Getting Grumpy and Tired Again

25 Sep

That time of the month people! Its almost D-Day for my period (October 1st) and the count down starts. Of Course, Tyler thinks I am stressing but I am actually less stressed than I was last month. But that is still pretty high on the stress scale considered last month I was alittle Manic.

Per Countdowntopregnancy.com… If I am going to get pregnant this month, I would be implanting on Wednesday of this week (or at least that is the most common day based on my cycle). So… I will be waiting to see if there is a present in my panties (does that sound icky) on that day by way of spotting and then I will wait til Probably Friday to start testing.
Ty last night was like “none of this peeing on a stick every morning and night until you get your period, if you get your period this month, stop stressing”. And of course I was like I just want to start crying because it is such a different emotional experience each month between him and I.
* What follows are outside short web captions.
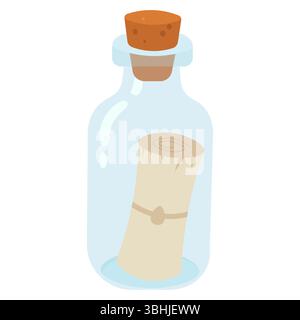 Un rouleau roulé flotte à l'intérieur d'une bouteille en verre transparent scellée avec du liège créant un message nostalgique visuel de voyage Illustration de Vecteur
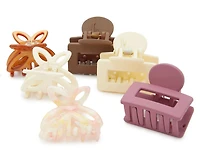 Butterfly & Square Claw Hair Clip Set - 6 Pack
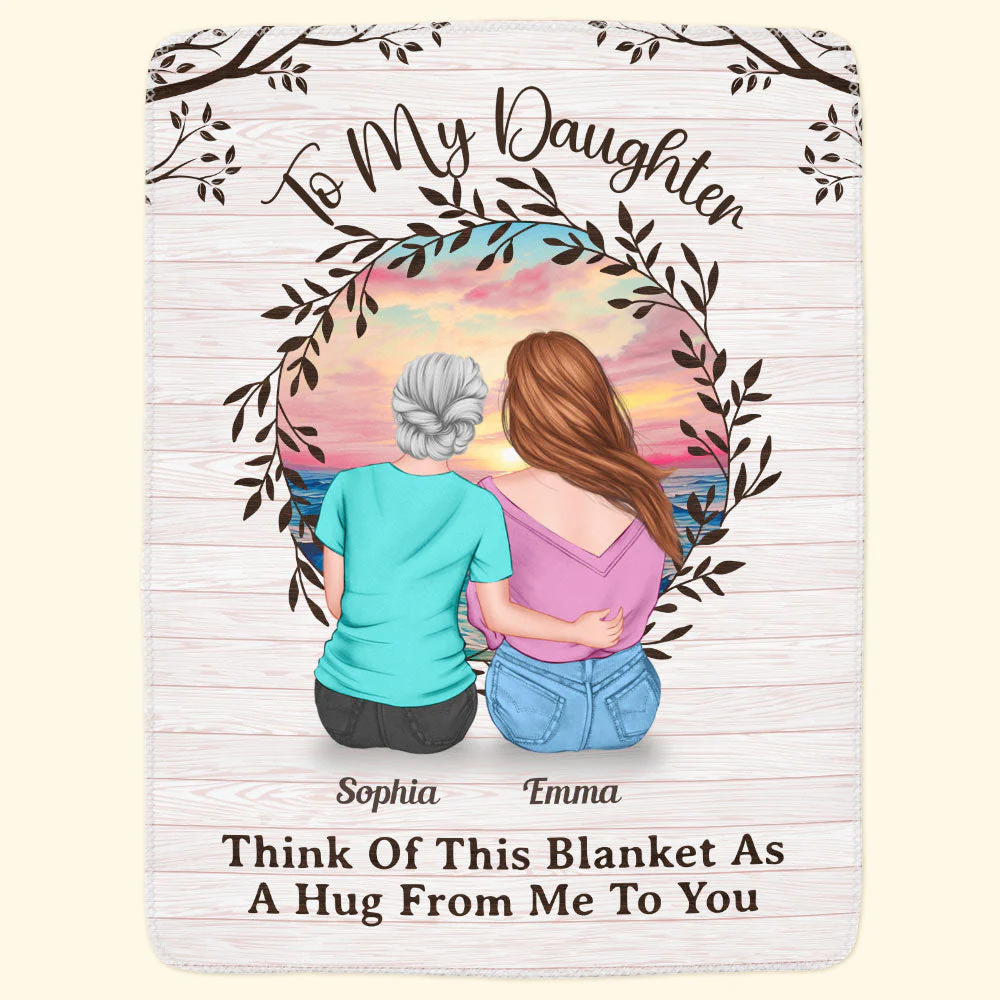 To My Daughter Think Of This Blanket As A Hug From Me To You - Personalized Blanket - Image 4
While I can understand tys position, I want to give him the finger.

Then this morning my dang Basal Thermometer didnt want to work. Since I discovered that I did not need to stick that thing in my ass, I bought one and it Arrived on Friday. I have been testing at 5:52am every morning (Yes, ladies and gentleman I woke up on Saturday and Sunday at 5:52am to be consistent, go me!) and recording it happily in my little period tracker. This morning though all the thing would do is turn on, beep once and then turn off. I tried for about 5 minutes and then gave up. I think I beeped the shit out of Tyler as he was still trying to sleep but whatever (there was my middle finger from last night revenge). I looked at the directions, no help… decided to try one more time and it worked! Did some more beeping for about a minute and then gave my me temperature.

So all that combined is making me feel sad. Why sad? I dont know. I dont feel like it is going to happen this month but at least I know I did ovulate (cramps, hello! and ovulation kit, hello darker blue line) but I just dont feel it. I try to remember what it felt like back in 2010 and its vague. I remember getting a cold in the end of August so I felt awful then I was too stressed to remember my own name in the beginning of September and then spotted for three days and then major boobie hurtage a week or two later and then positive pregnancy test second to last week of September… Then gone.

I never thought days could go by so slow but time as a whole goes by so fast (Meaning, I am going to go nuts waiting for a few more days but how the hell is it almost October!).

I have put both another round of OPKs in my cart on Amazon and now I am tempted to buy a first response as well. Can anyone speed up time for me? I would love to know if this month is it or not. If it is not, oh well, lets try again next month.

Also as a side, I have been having  crazy dreams that are really hard for me to figure out if they really happened or if I dreamt them because I am that confused. Most of them center around finding out another person is pregnant on Facebook. Then I have to search their timeline to figure out if they really are pregnant or if I dreamt it. I really wish those would stop!

I did splurge this weekend. I had two glasses of red wine on Saturday. I know I know… I should have but it was over dinner and I had already decided that I was going to have one glass… it turned into two and then I went back to my seltzer.